#### EXERCISE OBJECTIVE
In this exercise, write out the data word for word and leave every image out.

#### MATERIAL PROVIDED
···
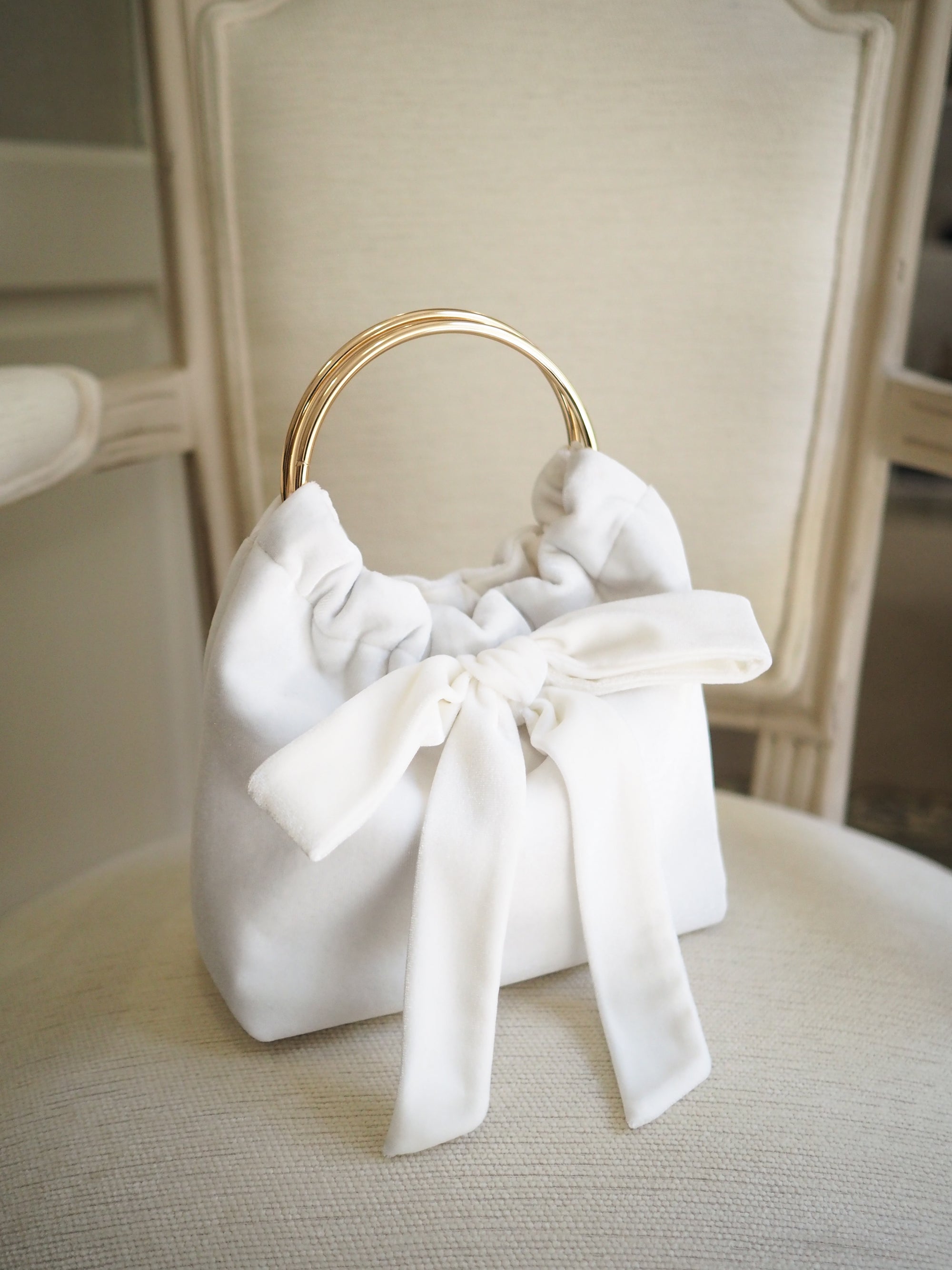 Lady Martha handbag ivory velvet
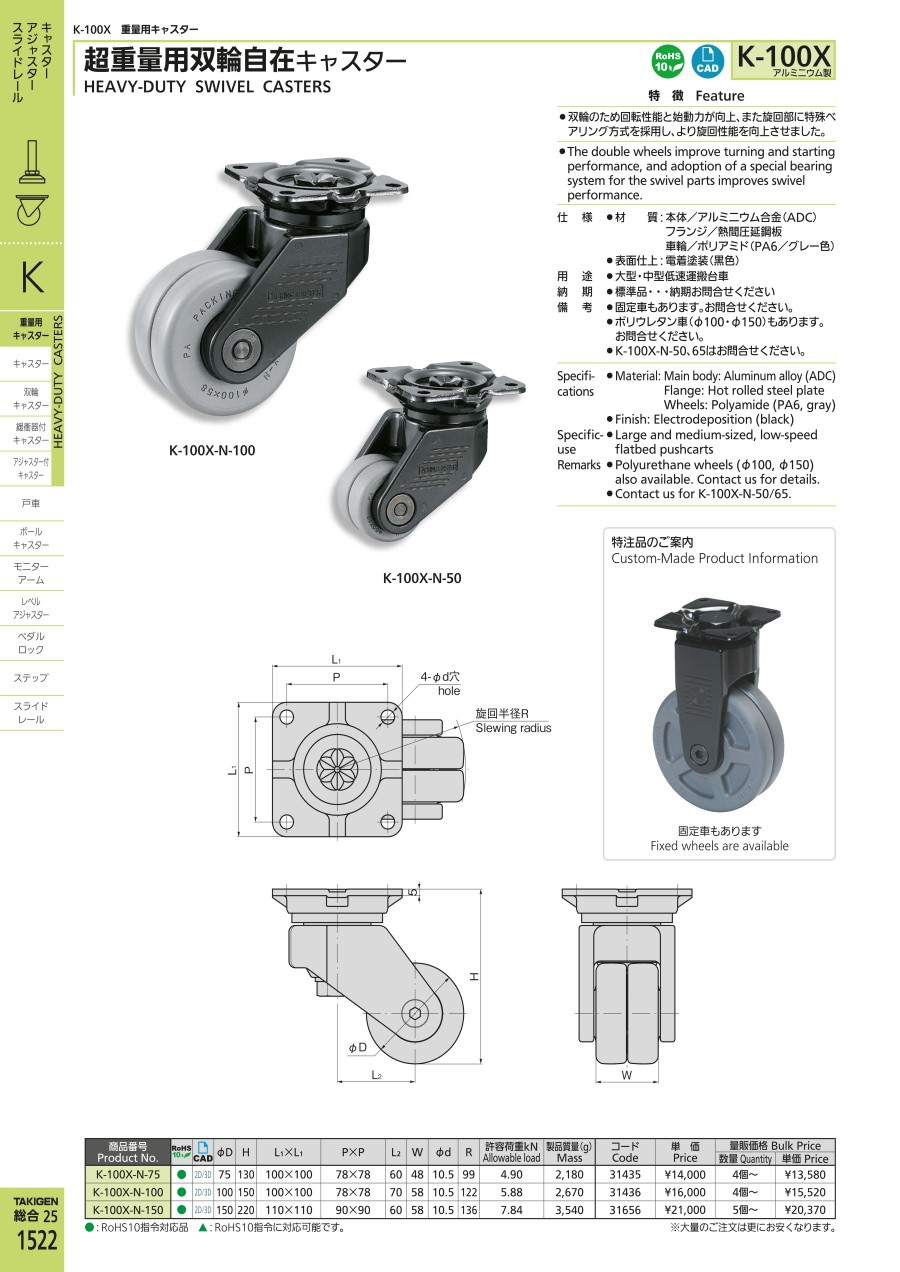 原裝進口日本瀧源腳輪TAKIGEN型號K-100X-N-10...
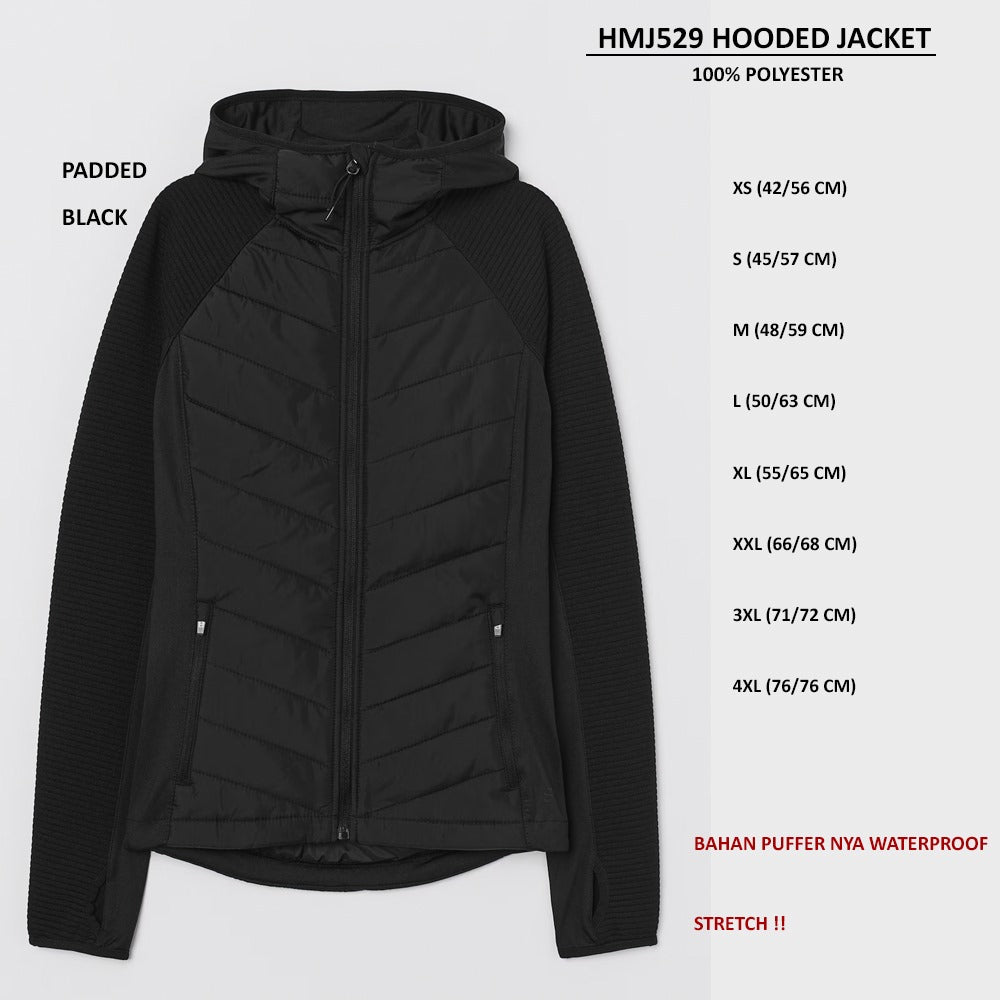 Jaket Wanita Lengan Panjang Padded Waterpoof (HMJ529 HOODED JACKET)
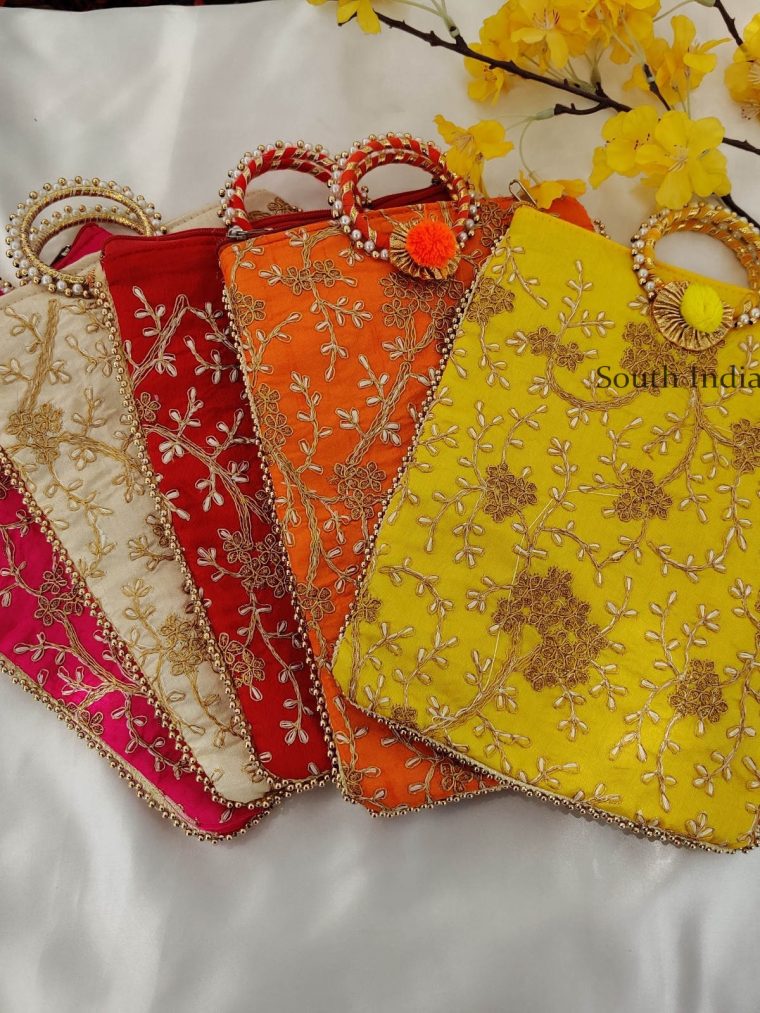 Grand Zari work with handle Return Gift option Assorted colour bag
···
#### EXERCISE OUTPUT
 Lady Martha handbag ivory velvet
 原裝進口日本瀧源腳輪TAKIGEN型號K-100X-N-10...
 Jaket Wanita Lengan Panjang Padded Waterpoof (HMJ529 HOODED JACKET)
 Grand Zari work with handle Return Gift option Assorted colour bag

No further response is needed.